This city has siren-called me for years. First, it awoke in me a primal desire to just be here. I ached for it with a youthful passion, so much that my bones reverberated with the desire to exist in this space. For years, I longed. While living in New York, my soul sang the sweetest tune it’s known; I gloried in my city. I thrived. I blossomed and bloomed and whatever other cheesy metaphor you have for doing well in a place.
For a year, at least.
For a year, I truly lived in New York. I went to school and my part-time job and I did my laundry at the laundromat and I went out to dinners with friends; I stood in line (three times) for Black Tap burgers, I went on a lobster cruise in the harbor, I went to church and parties and just really inhabited the city.
Things went downhill during the second year, to the point where I woke up one day and realized I was working hard just to continue working. I was devoting countless hours to my barista job, coming home and spending more hours writing and submitting articles, just to scrape by. At the end of the month, I barely made rent, and then I started all over again.
I wasn’t living in New York. I was just taking up space, working just to wake up and do it again, striving just to keep on striving.

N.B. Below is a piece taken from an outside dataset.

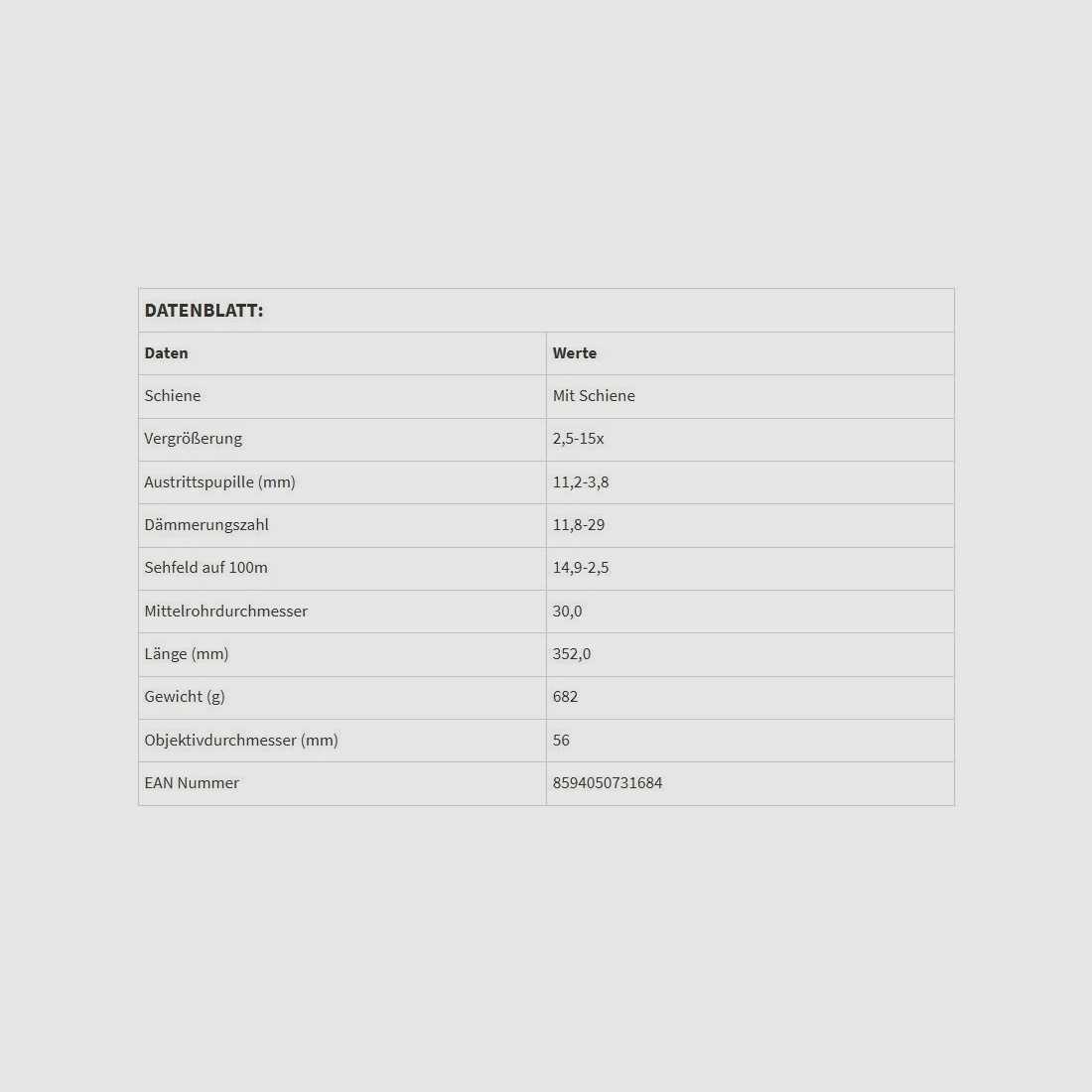 Zielfernrohr R2 2,5–15x56 RD PA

The hardest decision in the world was the one to leave. How could I give up this place that has meant so much to me? New York is more than a city for me, more than a home. It’s a friend.
During some of my darkest hours, when the depression has swung and struck and hammered and battered at my soul, it’s been New York that saved me. I would leave my apartment, ride the subway and get off at a park or Fifth Avenue or the waterfront and just breathe it in — the pure life of the city.
It rejuvenated me, reminded me I wanted to be.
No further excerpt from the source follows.